Tahun ini adalah tahun cerita. Di dalamnya ada narasi tentang perjalanan. Ada suara para jurnalis muda yang kutemani menulis resensi, dan riuh rendah konten media sosial yang kubentuk seperti ukiran kayu di tangan seorang pengrajin.
Dalam refleksi, ada tanya—pertanyaan yang sering kuajukan pada diriku sendiri: apakah aku telah cukup menulis? Apakah jejakku telah berarti?
Seperti para peziarah yang mencari makna, aku bertemu dengan lintasan ide, seperti gemuruh Gen Z yang lebih memilih TikTok daripada mesin pencari. Aku belajar, lagi dan lagi, bahwa perubahan adalah satu-satunya konstanta.

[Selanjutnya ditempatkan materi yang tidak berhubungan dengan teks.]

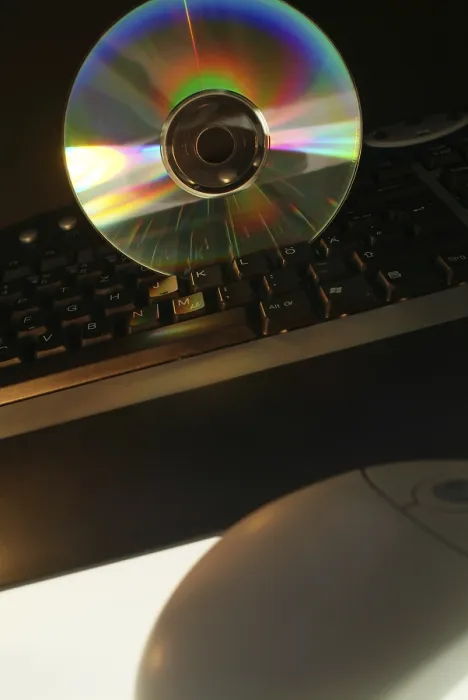 Impresión enmarcada : Una tecla de CD-ROM en un teclado de computadora.
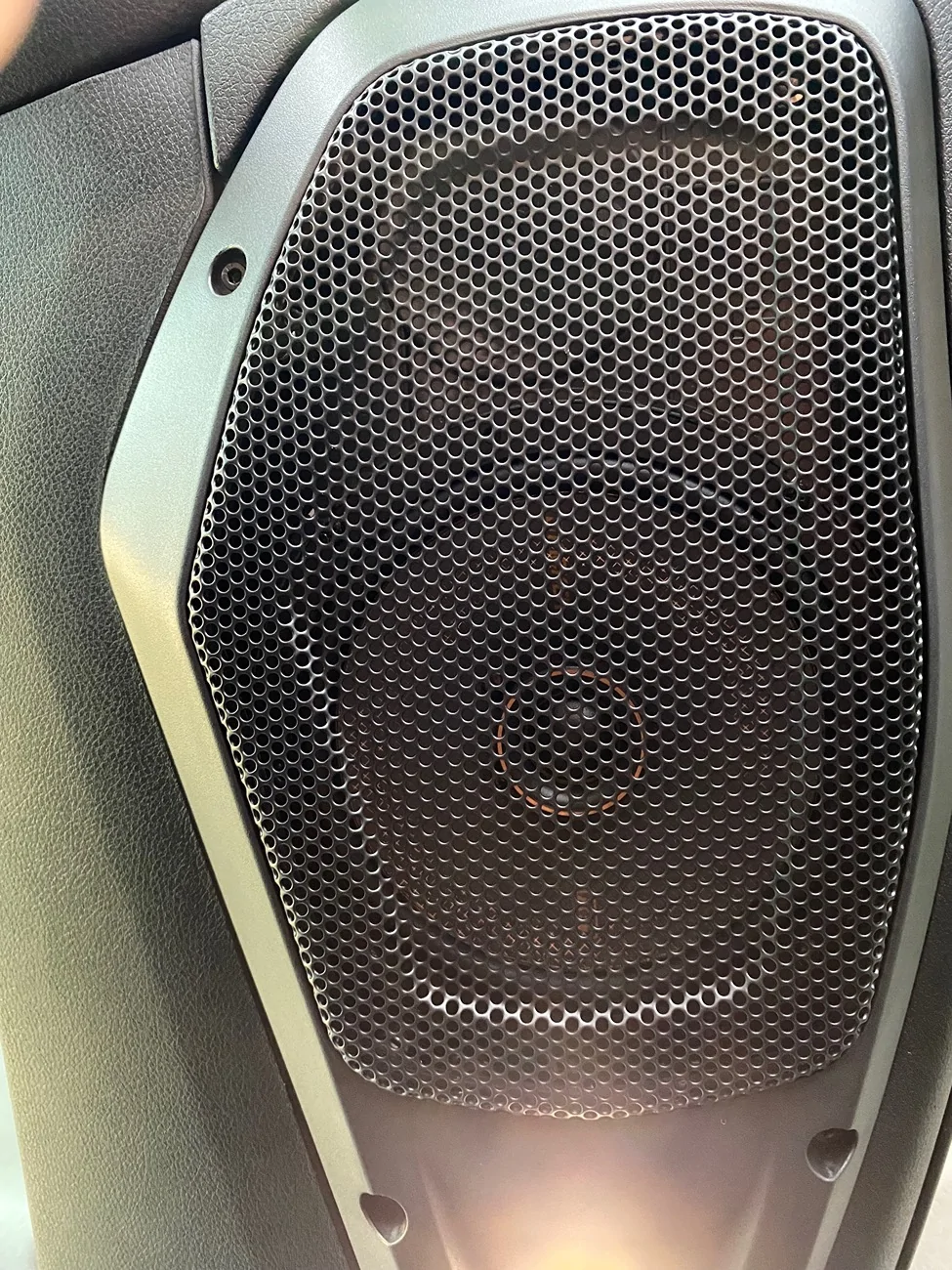 Jeep Gladiator soundbar upgrade - better or bigger? IMG_1070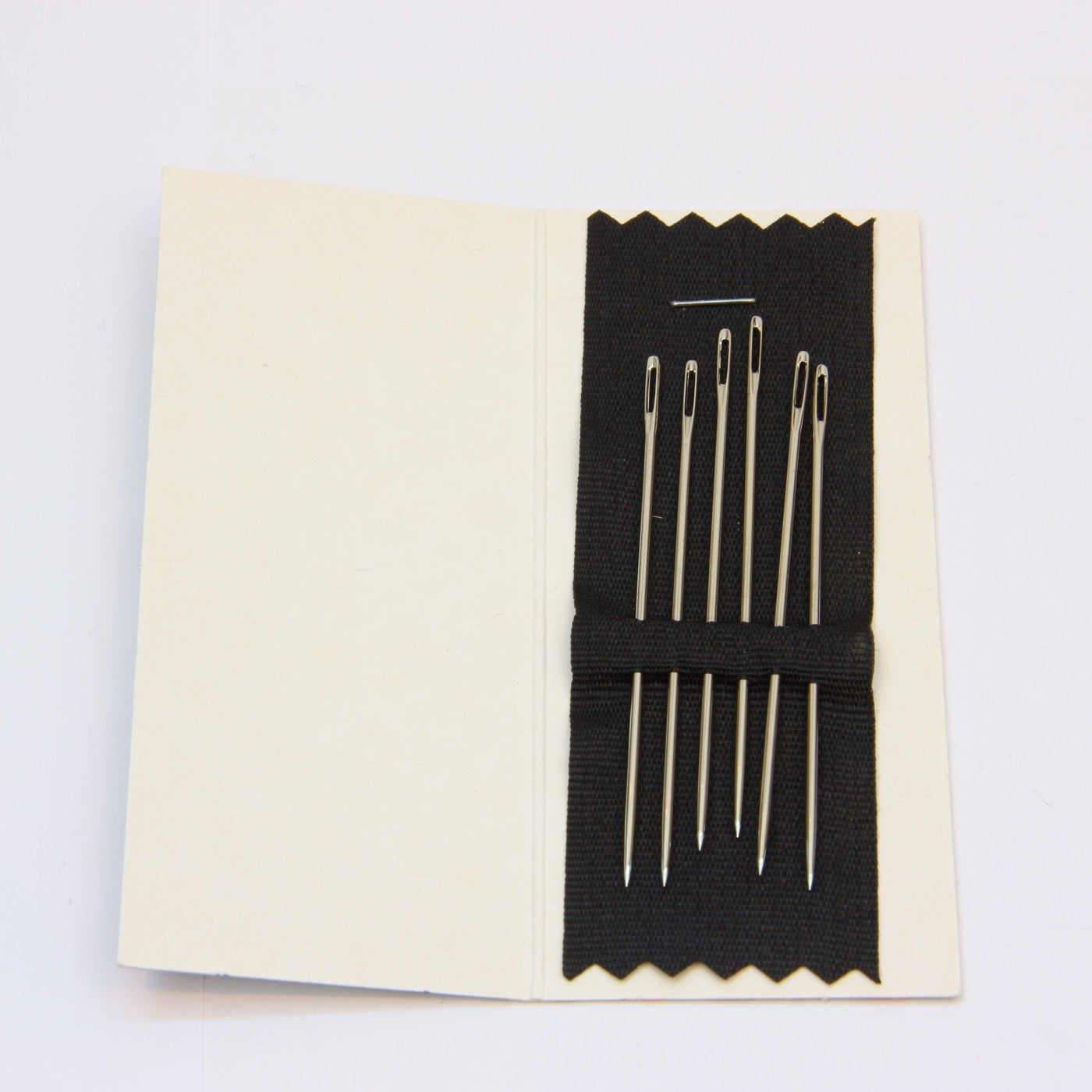 Sajou Short Darning Needles size 1/0 - Laine Saint-Pierre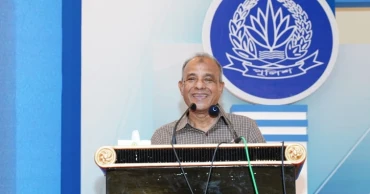 জনবান্ধব পুলিশ হিসেবে নিজেদের গড়ে তুলতে হবে: স্বরাষ্ট্র উপদেষ্টা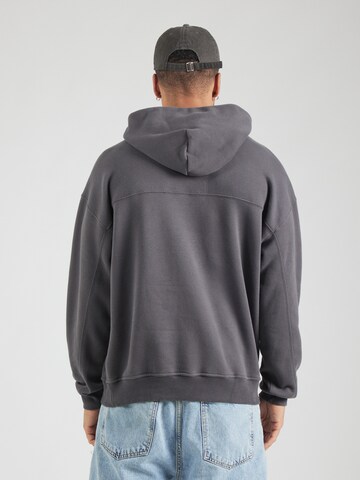 Sweat-shirt Abercrombie & Fitch en gris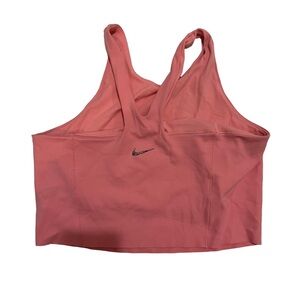Nike top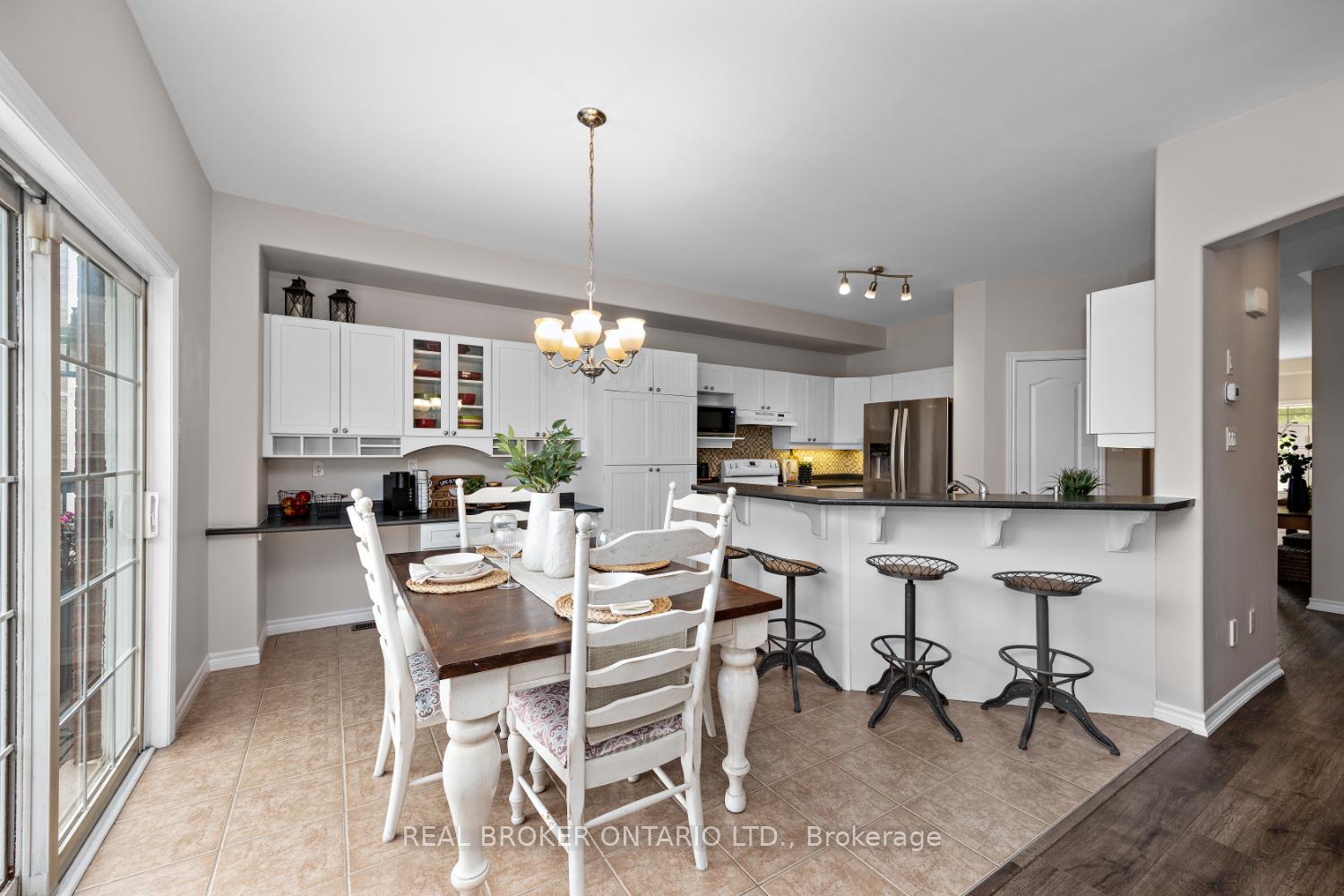 Photo 9 of 199 Fenning Drive, Clarington, Courtice — HOMEH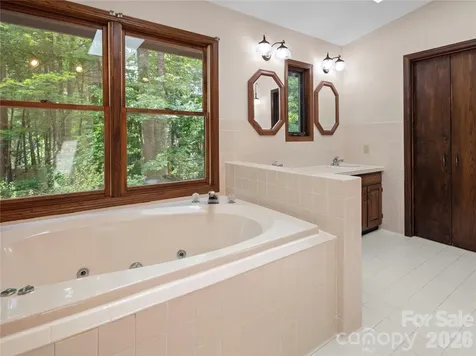 11 Tree Top Drive Arden NC 28704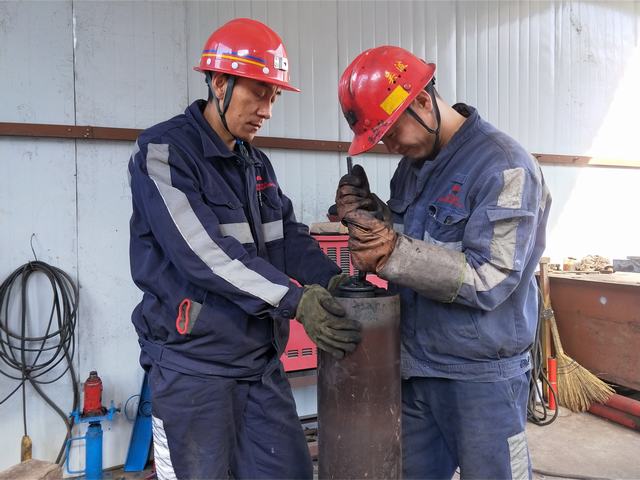 班组“领头羊”吴波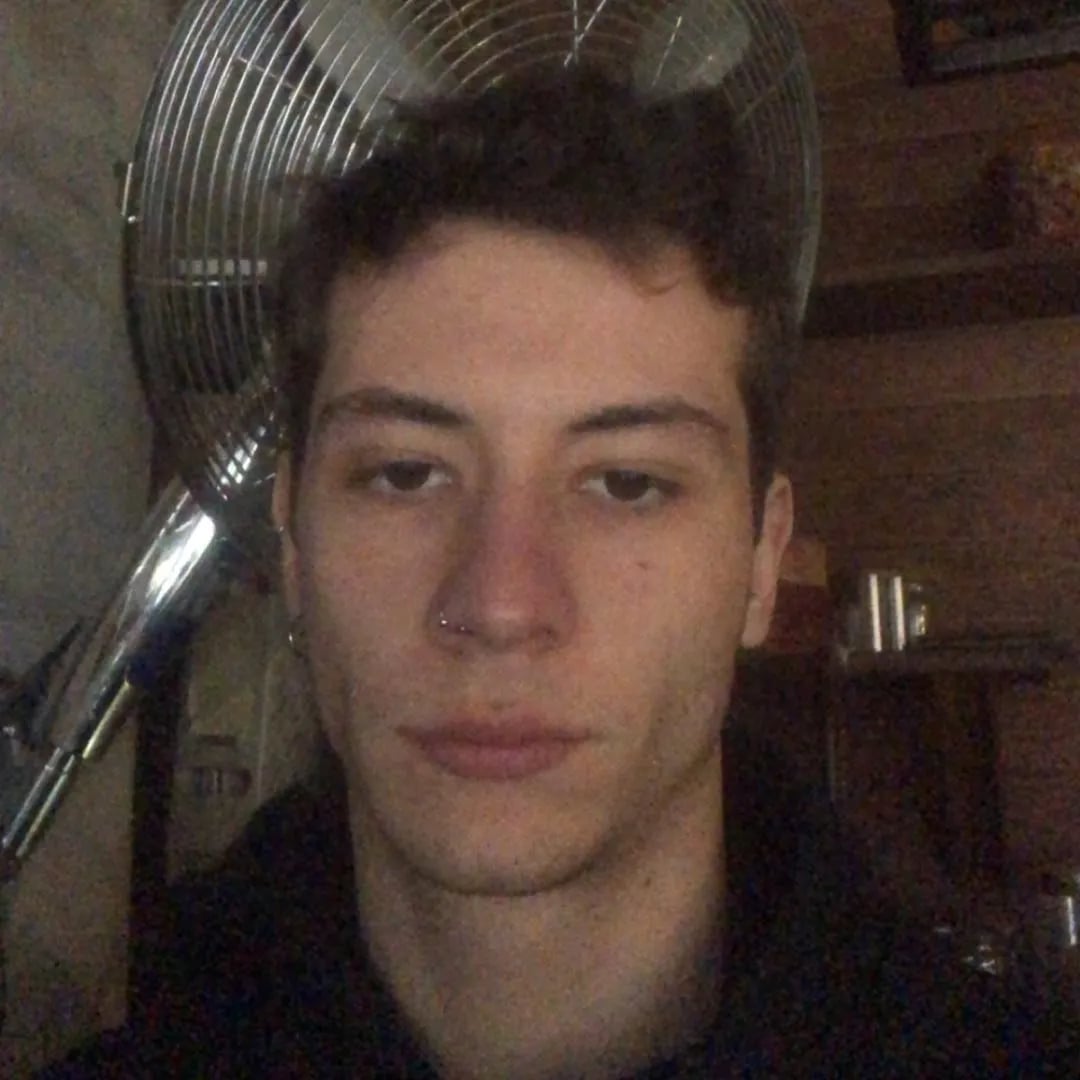 Tunga Sayan - Yarışmacı (25 yaşında) - Profil fotoğrafı ve resmi görsel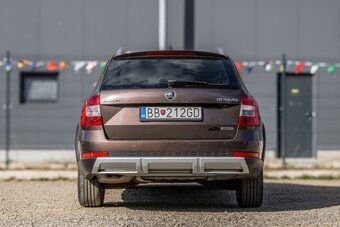 Škoda Octavia Combi Scout AT/6 135kW - 5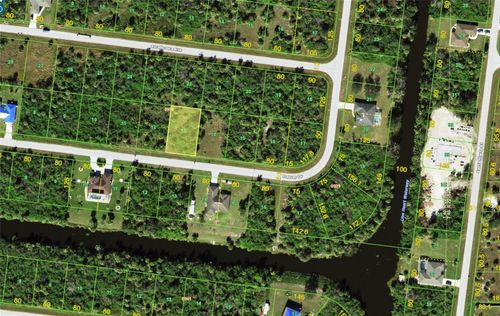 319 Denver Dr, PORT CHARLOTTE, FL, 33954-2069 | Card Image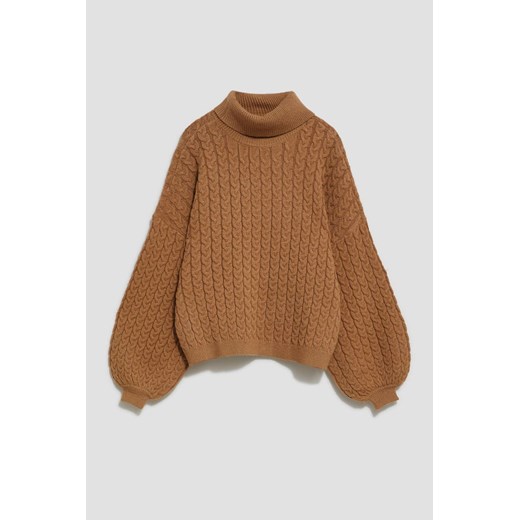 Sweter z golfem i bufiastymi rękawami S Moodo.pl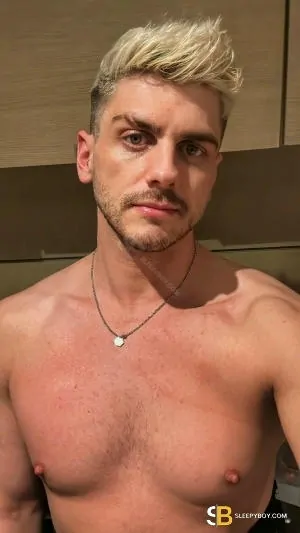 Bisexual Escort Tommy Xl 32yr - trios
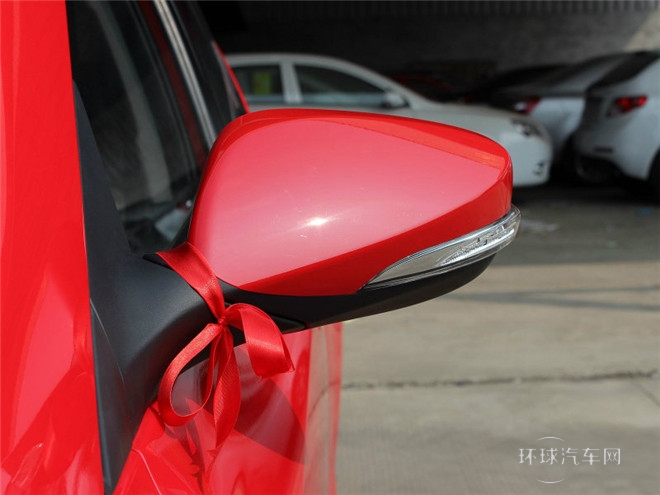 2015款 1.6L 自動致酷型 國IV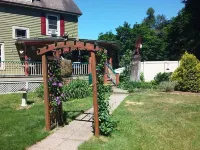 Oasis Bed and Breakfast Hotels in Springville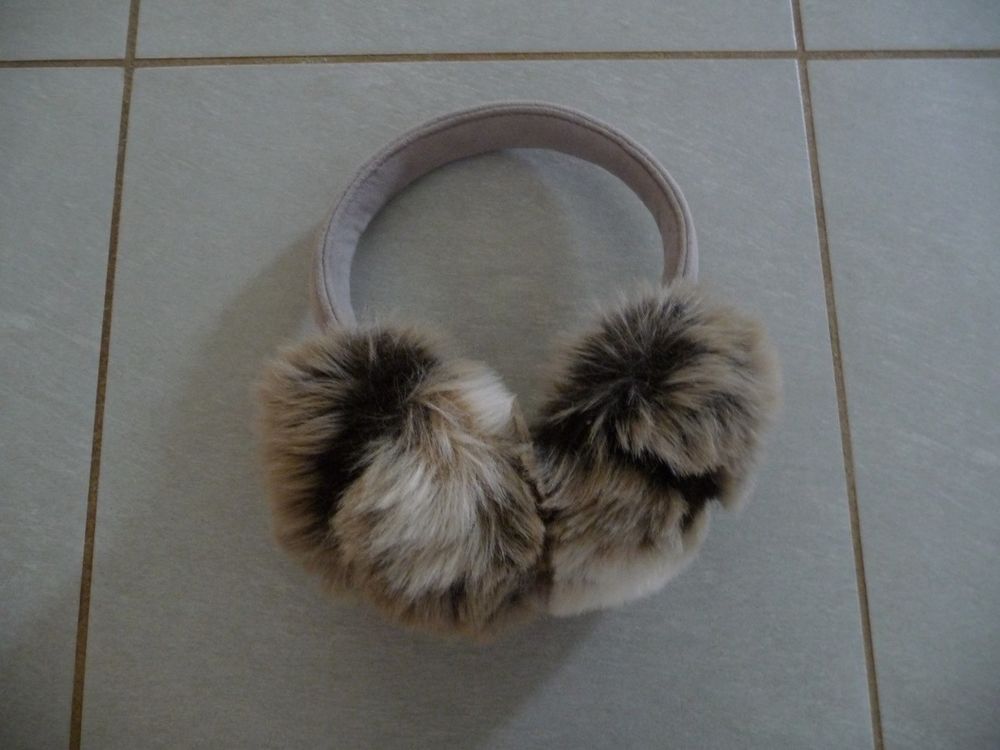 Cache- oreilles en fourrure synth�tique - Neufs 20 Celles-sur-Belle (79)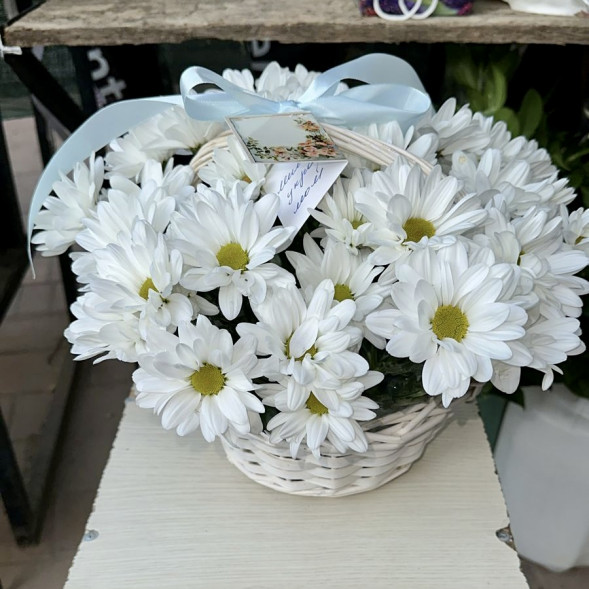 Композиция  «Хризантемы в корзине» в Красногвардейском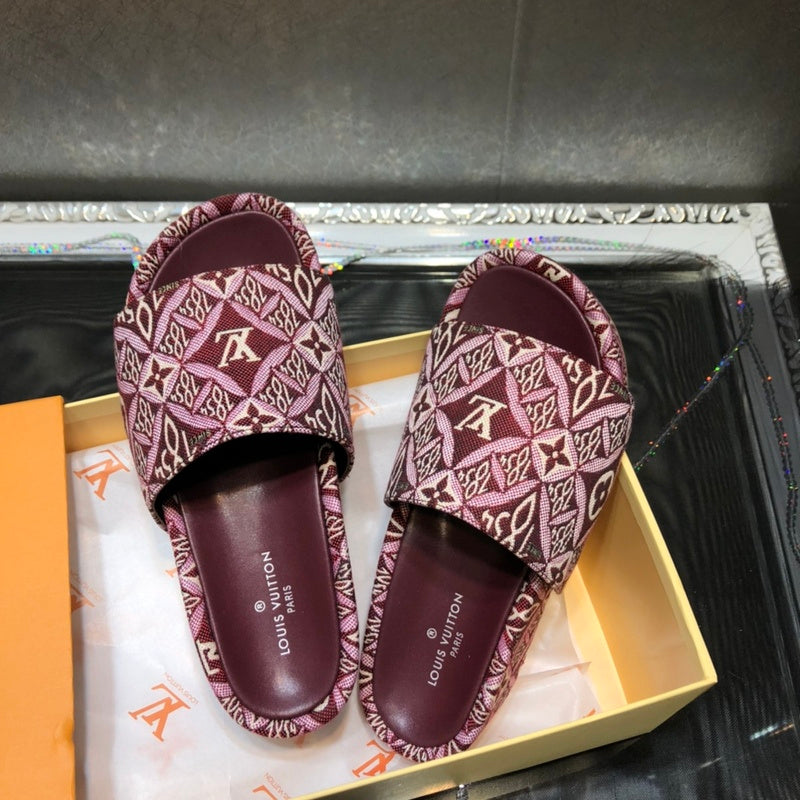 Louis Vuitton Burgundy Low-Top Sneakers - Heel Detail View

Waktu adalah arsitek yang cerdas. Ia meruntuhkan, hanya untuk membangun ulang. Ia membekukan kenangan seperti pahatan es, namun sekaligus menghapusnya perlahan dengan kehangatan napas.
Dalam kabut pagi di penghujung Desember, aku menyadari, apa yang kutemukan tahun ini bukanlah jawaban, melainkan pertanyaan yang lebih baik.
Apakah Aku sudah cukup memeluk masa lalu tanpa melupakan masa depan? Bagaimana Aku memaknai ulang “kesetiaan” di dunia yang semakin cair?